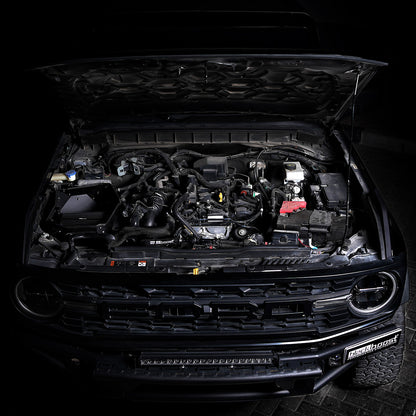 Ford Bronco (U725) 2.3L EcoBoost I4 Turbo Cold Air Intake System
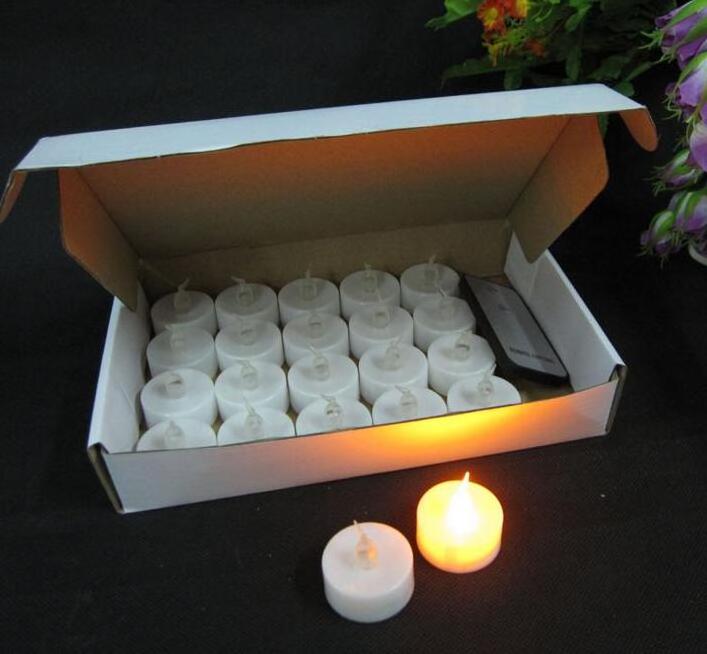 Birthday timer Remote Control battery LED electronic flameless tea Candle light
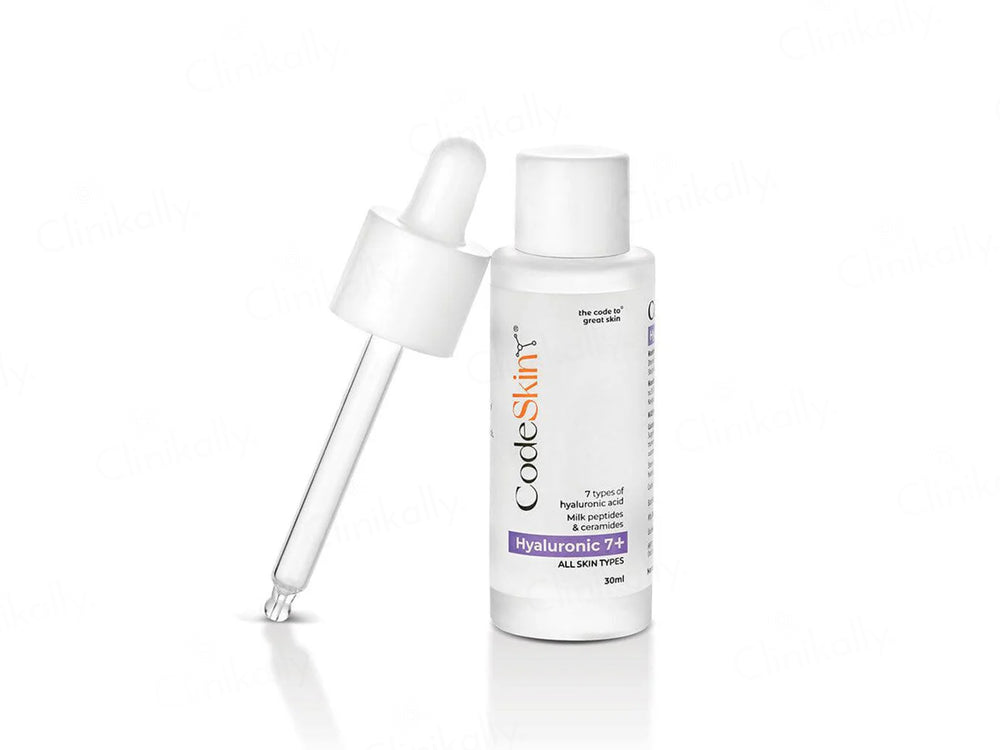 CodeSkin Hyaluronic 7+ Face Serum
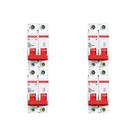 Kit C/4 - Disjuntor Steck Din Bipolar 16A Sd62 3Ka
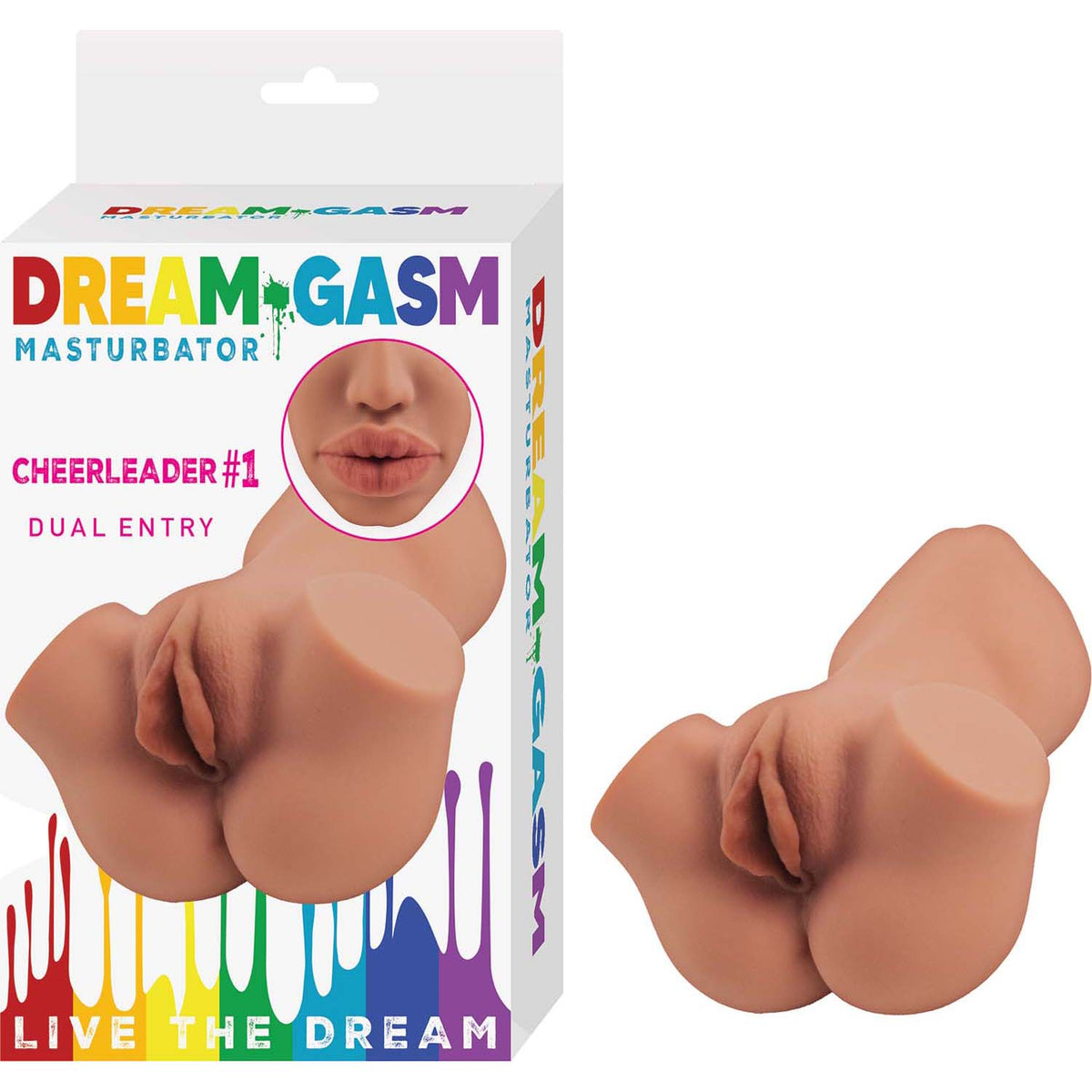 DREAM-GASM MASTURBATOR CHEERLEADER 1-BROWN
·····
TASK BRIEF:
In your answer, repeat all the entries exactly, but leave out the pictures.

RESULT:
 Ford Bronco (U725) 2.3L EcoBoost I4 Turbo Cold Air Intake System
 Birthday timer Remote Control battery LED electronic flameless tea Candle light
 CodeSkin Hyaluronic 7+ Face Serum
 Kit C/4 - Disjuntor Steck Din Bipolar 16A Sd62 3Ka
 DREAM-GASM MASTURBATOR CHEERLEADER 1-BROWN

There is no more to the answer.